Wall Street Journal

America’s Troubling Lesson From Midway

Associate Director, Center for the Future of Liberal Society
The Aegis-class destroyer USS Curtis Wilbur (DDG 54) is deployed in support of Operation Enduring Freedom. (Photo by Mai/Getty Images)
The Aegis-class destroyer USS Curtis Wilbur (DDG 54) is deployed in support of Operation Enduring Freedom. (Photo by Mai/Getty Images)

As the U.S. and China begin to face off in a rivalry for global leadership, the Pacific Ocean is again becoming a focus of global military power. Pacific countries like China, Japan and the U.S. aren’t the only ones filling these waters with well-armed ships: The U.K. sent its aircraft carrier, the HMS Queen Elizabeth, to the region for most of the past year, and even the relatively unmilitaristic Germans sent a frigate through the South China Sea in December.

While several recent conflicts have demonstrated the efficacy of various air- and land-power doctrines and technologies, there have been relatively few recent opportunities for naval forces to test their equipment and their mettle. Ukraine has managed to sink several Russian ships, but it isn’t clear if the experience of fighting in the relatively confined Black Sea will translate to the vast Pacific Ocean.

American strategists are still studying battles from World War II, the last major naval conflict, for insights into a future Pacific war. Unless the American armed forces rebuild important war-fighting capabilities, they may suffer the fate of Imperial Japan.

As the sun rose on June 4, 1942, the Japanese Navy ruled the waves. After the Pearl Harbor attack on Dec. 7, 1941, Japan overpowered the American garrison in the Philippines, occupied Hong Kong, seized Singapore, and effectively swept the European imperial powers out of Southeast Asia—all while continuing a grueling war in China. In one of the most impressive campaigns in military history, the Imperial Navy rampaged from Sri Lanka to the Solomon Islands.
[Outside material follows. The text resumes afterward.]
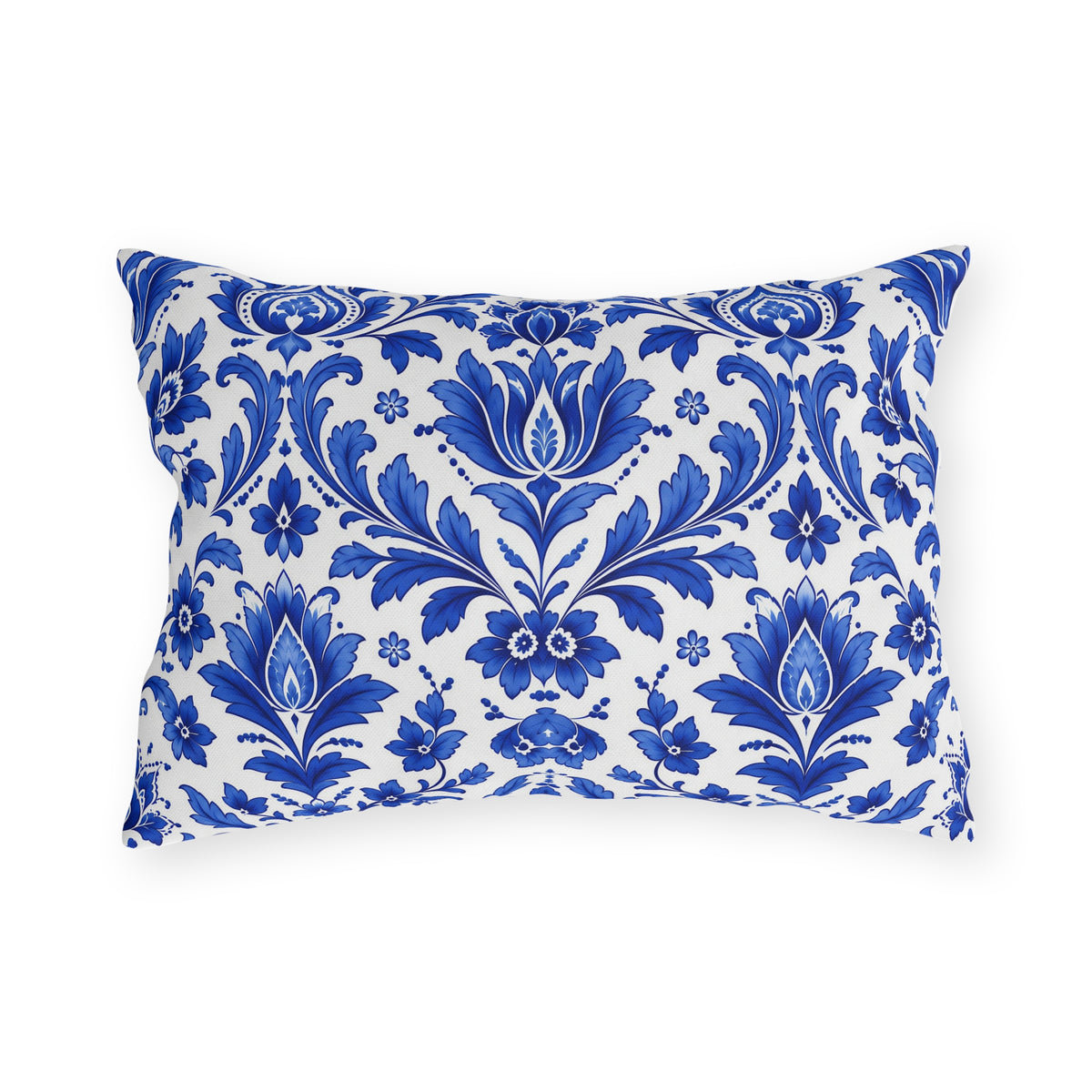 Cobalt blue delft damask pattern on a white outdoor lumbar pillow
Next stop: Midway, the last American bastion protecting Hawaii from further attacks.

Thanks to some nifty intelligence work—American cryptologists were intercepting and deciphering Japanese transmissions—and the fortuitous absence of American aircraft carriers from Pearl Harbor, the Americans had a fighting chance to stop the Japanese offensive at Midway. During the main action on June 4, waves of American aircraft inflicted severe damage on all four of the Japanese carriers engaged in the battle, eventually sinking all of them.
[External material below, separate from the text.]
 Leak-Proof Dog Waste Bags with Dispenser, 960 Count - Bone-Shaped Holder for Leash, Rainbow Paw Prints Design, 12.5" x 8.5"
Midway is often seen as a turning point in the Pacific war, much like Stalingrad in Europe. In both cases, a bold Axis offensive ended with the almost complete destruction of the attacking forces. But in many respects, the two battles were very different. After Stalingrad, the Soviets went on the offensive and, excepting some temporary setbacks, marched west until they reached Berlin.

The Japanese mostly stopped advancing eastward after Midway, but had they tried they would have found few obstacles in their path. For long stretches in the year following the battle, the USS Saratoga was the only American aircraft carrier between Tokyo and Pearl Harbor, and the U.S. even had to borrow the HMS Victorious from the U.K. to protect the limited Allied offensives in the South Pacific.

The U.S. didn’t gain a clear advantage in the Pacific until roughly a year after Midway, when America’s newly built ships and aircraft reached Hawaii. By that point, Japan’s relatively small number of highly trained and tactically proficient aviators and sailors was dwindling after years of intense combat. The Imperial Navy simply couldn’t replace its losses, let alone keep pace with the thousands of aircraft and hundreds of ships pouring out of American factories.

Eighty years after Midway, the U.S. is on track to face disadvantages against China. Beijing has commanded more ships than Washington since 2015, and the U.S. deficit is growing: The Navy’s budget proposal would retire 24 ships next year while adding only nine replacements. America’s ships may be more capable than China’s, but they have global responsibilities, are outnumbered, and would have few if any reinforcements in a crisis. As the U.S. Navy shrinks from 297 to 280 ships over the next five years, it plans to acquire about 10 new ships a year. It is unlikely that the seven U.S. shipyards that can produce bigger warships will be able to make up for combat losses, especially if they are also repairing ships that have been damaged in combat.

Even in peacetime, the military is struggling to keep up with needed repairs. The USS George Washington should have completed a four-year overhaul in August; the Navy now hopes to be finished by March 2023, nearly two years late. Last year, 2 of 5 private shipyard repairs were behind schedule, an improvement over previous years. The U.S. Government Accountability Office, which has been warning about the Navy’s inadequate repair facilities for years, argues that the Navy’s dry-dock modernization program is far too modest to improve this dismal performance.

In 1942 Japan’s naval forces were powerful, yet brittle. Are today’s American forces so different?